I heard the news, like everyone else. I read the Inside Amazon: Wrestling Big Ideas in a Bruising Workplace. I read many reactions, leading up to the CEO’s response and then Amazon, Our Leadership Principles.
Then I tried something else. I imagined the WSJ article didn’t exist, as if I never heard about it, and went back to reading Amazon’s Our Leadership Principle article, as an outsider hearing about it for the first time. It clearly demands a highly competitive spirit, a strong leadership and ambitious work ethos. Strong leadership, power with responsibility in teams hands. There is nothing evil or cynical by design here.

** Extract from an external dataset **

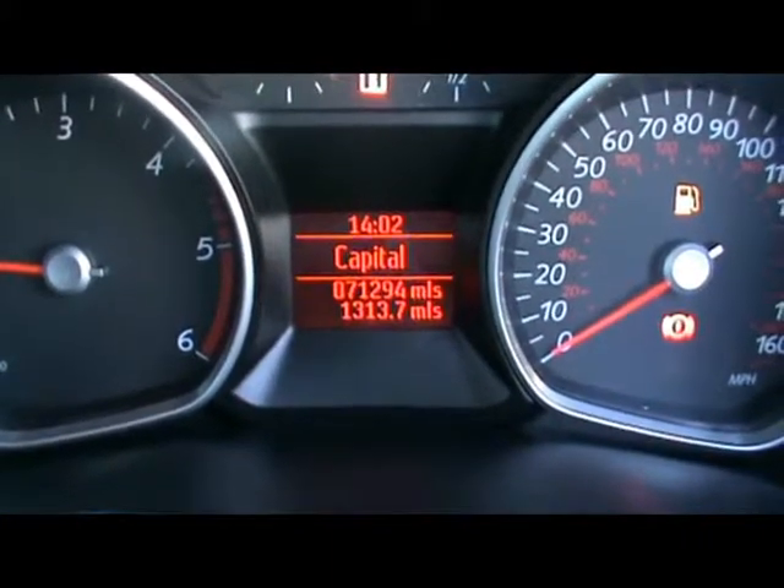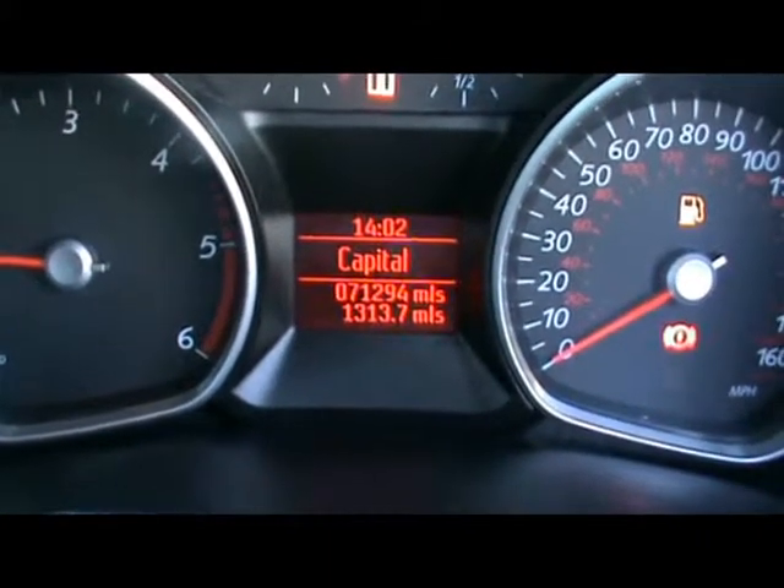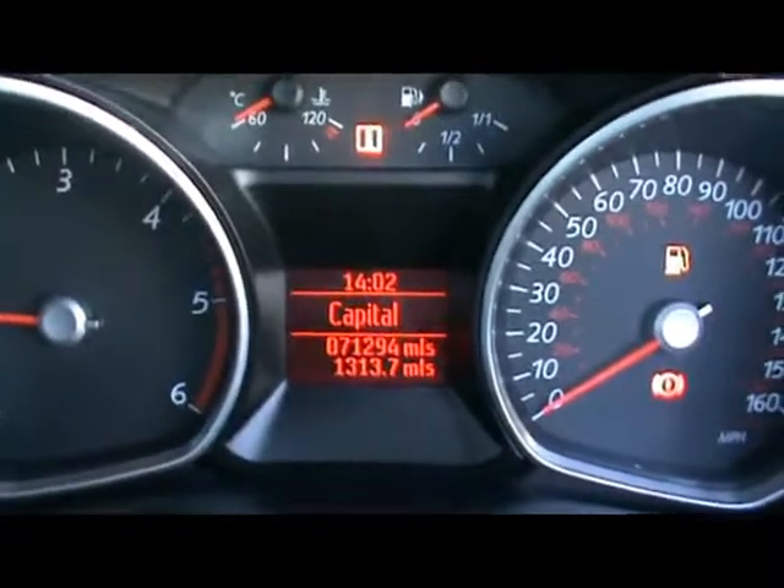Just there you can see the car has covered 71,000 miles. So if you'd like any more information on this car, please don't hesitate to contact us. Thanks for watching.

However, such challenging ethos combined with a lightweight supervision could indeed take surprising if not unexpected turns. It immediately reminded me Philip Zimbardo’s Standord prison experiment. Amazon might or might not be experimenting, but it would seem that good governance did not notice that some high impact behaviour was at play.
If you read WSJ article again, the various quotes of managers seem to point to highly logical communication, often with little or no empathy. A lot of IQ but perhaps less show of EQ. It’s not surprising that a high profile company such as Amazon would be chided for ignoring EQ in their extensive metrics. If that were intentional, then it would be a design problem.
So, it seems that, whether intentional or not, governance at Amazon did not include social accountability of the kinds that modern society expects. This has been an interesting learning chance, hopefully for them too.
Can and should an organisation demand high IQ without a balancing level of EQ, from its leaders?